> **INSTRUCTIONS TO FOLLOW**
The response should consist of every record, reproduced exactly.

START GIVEN ENTRIES

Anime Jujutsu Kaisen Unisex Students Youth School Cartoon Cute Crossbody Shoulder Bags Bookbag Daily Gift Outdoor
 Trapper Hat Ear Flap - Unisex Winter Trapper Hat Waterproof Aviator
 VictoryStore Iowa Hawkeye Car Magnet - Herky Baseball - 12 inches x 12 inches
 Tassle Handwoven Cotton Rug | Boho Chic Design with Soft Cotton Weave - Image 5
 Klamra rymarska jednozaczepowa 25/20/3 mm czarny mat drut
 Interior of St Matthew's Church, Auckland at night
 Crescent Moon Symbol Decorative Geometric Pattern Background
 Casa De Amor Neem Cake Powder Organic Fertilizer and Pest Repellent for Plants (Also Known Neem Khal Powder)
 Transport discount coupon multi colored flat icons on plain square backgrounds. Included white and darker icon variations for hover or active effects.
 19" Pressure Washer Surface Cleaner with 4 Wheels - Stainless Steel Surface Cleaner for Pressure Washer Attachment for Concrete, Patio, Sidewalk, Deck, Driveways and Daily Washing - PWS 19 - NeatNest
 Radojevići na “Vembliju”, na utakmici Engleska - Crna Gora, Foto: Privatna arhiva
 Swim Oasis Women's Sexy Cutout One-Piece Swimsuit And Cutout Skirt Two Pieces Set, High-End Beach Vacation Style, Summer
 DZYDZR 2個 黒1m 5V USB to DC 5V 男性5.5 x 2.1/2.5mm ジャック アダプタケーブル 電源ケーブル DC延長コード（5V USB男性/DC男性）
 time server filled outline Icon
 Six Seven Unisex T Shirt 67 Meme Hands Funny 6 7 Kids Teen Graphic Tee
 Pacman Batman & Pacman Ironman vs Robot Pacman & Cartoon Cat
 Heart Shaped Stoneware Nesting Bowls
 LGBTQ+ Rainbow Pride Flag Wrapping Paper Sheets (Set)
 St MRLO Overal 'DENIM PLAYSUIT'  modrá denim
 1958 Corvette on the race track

END GIVEN ENTRIES

> **ANSWER BELOW**
Anime Jujutsu Kaisen Unisex Students Youth School Cartoon Cute Crossbody Shoulder Bags Bookbag Daily Gift Outdoor
 Trapper Hat Ear Flap - Unisex Winter Trapper Hat Waterproof Aviator
 VictoryStore Iowa Hawkeye Car Magnet - Herky Baseball - 12 inches x 12 inches
 Tassle Handwoven Cotton Rug | Boho Chic Design with Soft Cotton Weave - Image 5
 Klamra rymarska jednozaczepowa 25/20/3 mm czarny mat drut
 Interior of St Matthew's Church, Auckland at night
 Crescent Moon Symbol Decorative Geometric Pattern Background
 Casa De Amor Neem Cake Powder Organic Fertilizer and Pest Repellent for Plants (Also Known Neem Khal Powder)
 Transport discount coupon multi colored flat icons on plain square backgrounds. Included white and darker icon variations for hover or active effects.
 19" Pressure Washer Surface Cleaner with 4 Wheels - Stainless Steel Surface Cleaner for Pressure Washer Attachment for Concrete, Patio, Sidewalk, Deck, Driveways and Daily Washing - PWS 19 - NeatNest
 Radojevići na “Vembliju”, na utakmici Engleska - Crna Gora, Foto: Privatna arhiva
 Swim Oasis Women's Sexy Cutout One-Piece Swimsuit And Cutout Skirt Two Pieces Set, High-End Beach Vacation Style, Summer
 DZYDZR 2個 黒1m 5V USB to DC 5V 男性5.5 x 2.1/2.5mm ジャック アダプタケーブル 電源ケーブル DC延長コード（5V USB男性/DC男性）
 time server filled outline Icon
 Six Seven Unisex T Shirt 67 Meme Hands Funny 6 7 Kids Teen Graphic Tee
 Pacman Batman & Pacman Ironman vs Robot Pacman & Cartoon Cat
 Heart Shaped Stoneware Nesting Bowls
 LGBTQ+ Rainbow Pride Flag Wrapping Paper Sheets (Set)
 St MRLO Overal 'DENIM PLAYSUIT'  modrá denim
 1958 Corvette on the race track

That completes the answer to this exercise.